Keine Kompromisse auf Kosten des Flüchtlingsschutzes!

Von: Kitty Thiel

 

Die Bundesregierung muss ihrer humanitären Verantwortung gerecht werden. 

Europaweit arbeiten politische und gesellschaftliche Strömungen auf die weitgehende Abschaffung des Flüchtlingsschutzes hin. Sie stellen die Allgemeingültigkeit von Menschenrechten, rechtsstaatlichen Grundsätzen und europäischen Werten infrage. Gleichzeitig beobachten wir einen massiven Anstieg und die billigende Inkaufnahme von gewaltsamen und menschenunwürdigen Handlungen gegenüber Schutzsuchenden, insbesondere an den Außengrenzen der Europäischen Union. Verstöße gegen geltendes Recht werden teils gar nicht mehr oder nur unzureichend verfolgt.

Im Vorfeld des kommenden Treffens der EU-Innenminister*innen am 8. Juni 2023 appellieren wir zusammen mit über 60 Organisationen der Zivilgesellschaft, Menschenrechts- und Flüchtlingsschutzorganisationen an die Bundesregierung, ihrer humanitären Verantwortung gerecht zu werden und ihren eigenen Koalitionsvertrag ernst zu nehmen:

1. Für menschenwürdige und faire Asylverfahren: Keine verpflichtenden Grenzverfahren an den EU-Außengrenzen!

2. Für Flüchtlingsschutz in der Europäischen Union: Keine Absenkung der Anforderungen an “sichere Drittstaaten”!

3. Für echte Solidarität in der Flüchtlingsaufnahme: Keine Weiterführung des gescheiterten Dublin-Systems!

Durch die beabsichtigte Zustimmung der Regierung zu verpflichtenden Grenzverfahren ist zu erwarten, dass Standards bei der Prüfung von Schutzgesuchen in der EU so stark abgesenkt werden, dass keine fairen Verfahren mehr zu erwarten sind – zumal diese in Kombination mit der Anwendung des Konzepts der “Fiktion der Nicht-Einreise" absehbar unter Haft oder haftähnlichen Bedingungen erfolgen werden. Unterstützt die Ampel-Koalition die Absenkung der Anforderungen an sogenannte „sichere Drittstaaten”, bricht sie ihr Versprechen, jedes Asylgesuch inhaltlich zu prüfen. Asylanträge könnten so pauschal als unzulässig abgelehnt und Schutzsuchende ohne inhaltliche Prüfung ihres Schutzbegehrens in einen Drittstaat abgeschoben werden. Das bedeutet einen Rückzug aus dem Flüchtlingsschutz in der Europäischen Union, vergleichbar mit dem deutschen Asylkompromiss vor dreißig Jahren.

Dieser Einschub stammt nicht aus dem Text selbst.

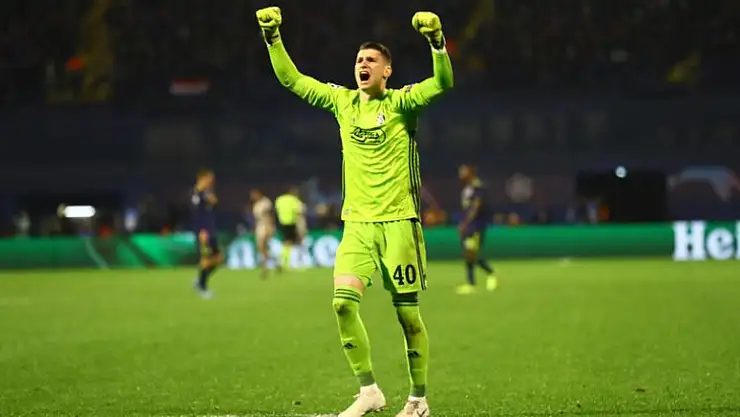 Fener'de Dominik Livakovic Gelişmesi!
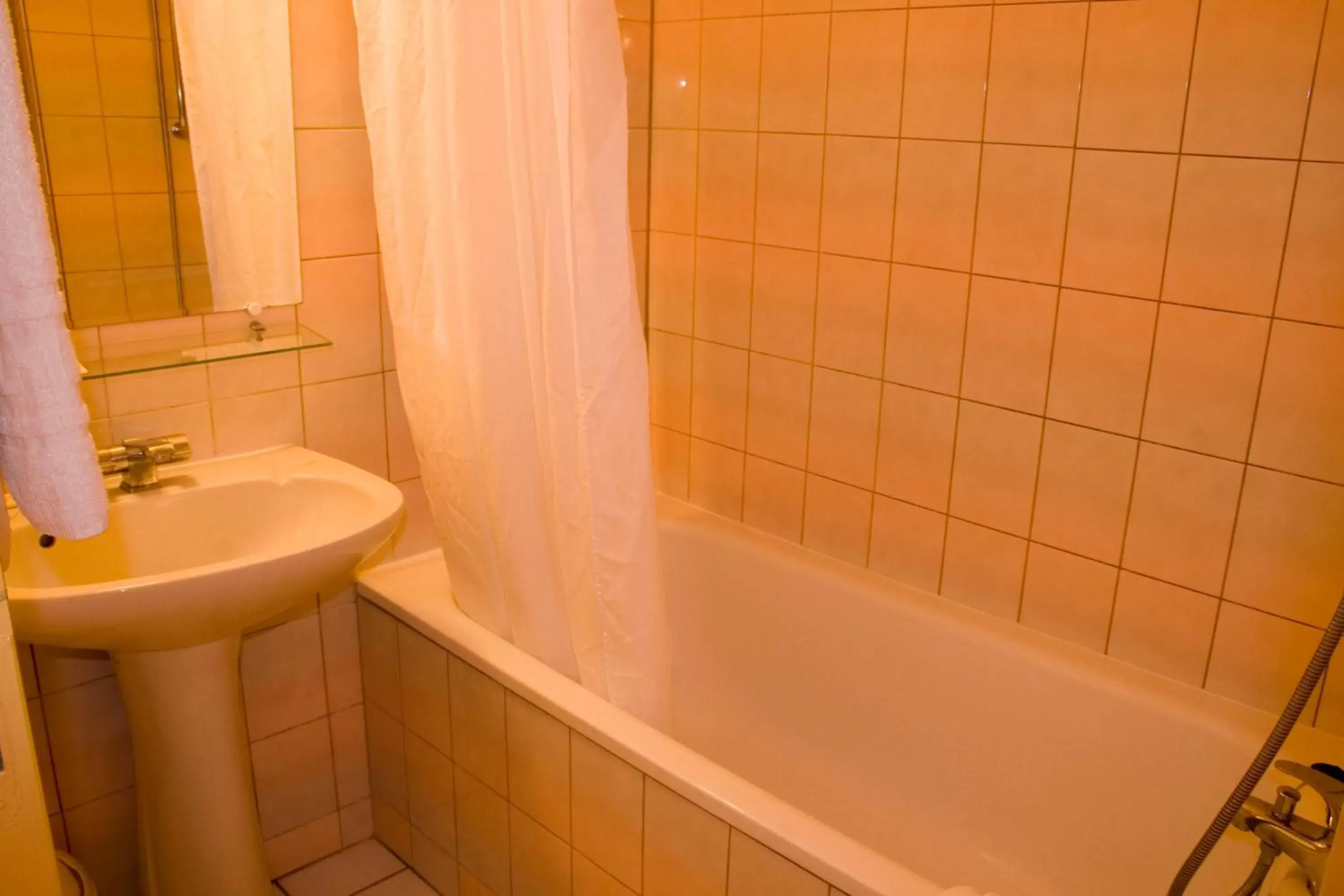 Bathroom in Hotel de L'Opéra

Die aktuellen Reformvorschläge rütteln nicht nur an den Grundfesten des Rechtsstaates, sondern werden auch bereits existierende Probleme des europäischen Asylsystems noch verschärfen. Die Verantwortung für die Durchführung von Asylverfahren bliebe weitgehend bei den Außengrenzstaaten, was schon jetzt zu ihrer Überlastung und der Nichtanwendung von bestehenden Regelungen, zu starken Verzögerungen beim Zugang zum Schutz sowie zu gravierenden Menschenrechtsverletzungen führt. Lediglich geringfügige Veränderungen an einem dysfunktionalen System können daran nichts ändern. Stattdessen sollte lieber durch Deutschland mit Nachdruck an einer solidarischen Aufnahme von Ankommenden in der EU gearbeitet werden, welche die Rechte und Bedürfnisse der Schutzsuchenden stärker in den Mittelpunkt stellt.

Die Verschärfungen im europäischen Asylrecht betreffen auch und insbesondere Kinder. Denn etwa ein Drittel der Asylantragstellenden in der EU ist minderjährig. Die Reformvorschläge könnten somit nicht nur die Abkehr vom Flüchtlingsschutz, sondern auch die Abkehr von allgemeingültigen Kinderrechten in der EU bedeuten. Maßgebliche, durch Unions- und Völkerrecht gedeckte Verfahrensgarantien fielen weg, bspw. bei der Alterseinschätzung. Auch das kinderrechtliche Verbot von Haft oder haftähnlicher Unterbringung würde verletzt. Ohne angemessene Möglichkeiten, rechtlich gegen fehlerhafte Entscheidungen vorzugehen, können die Rechte von Kindern zudem nicht geschützt, ihr Wohl nicht gewährleistet werden.

Daher appelliert der AWO Bundesverband e.V. zusammen mit 46 Organisationen der Zivilgesellschaft und Menschenrechtsorganisationen, die sich insbesondere für Kinderrechte einsetzten an die Bundesregierung keine Kompromisse einzugehen, die den Schutz von geflüchteten Kindern gefährden.

Keine Kompromisse auf Kosten der Rechte und des Wohls geflüchteter Kinder bei der Reform des gemeinsamen europäischen Asylsystems!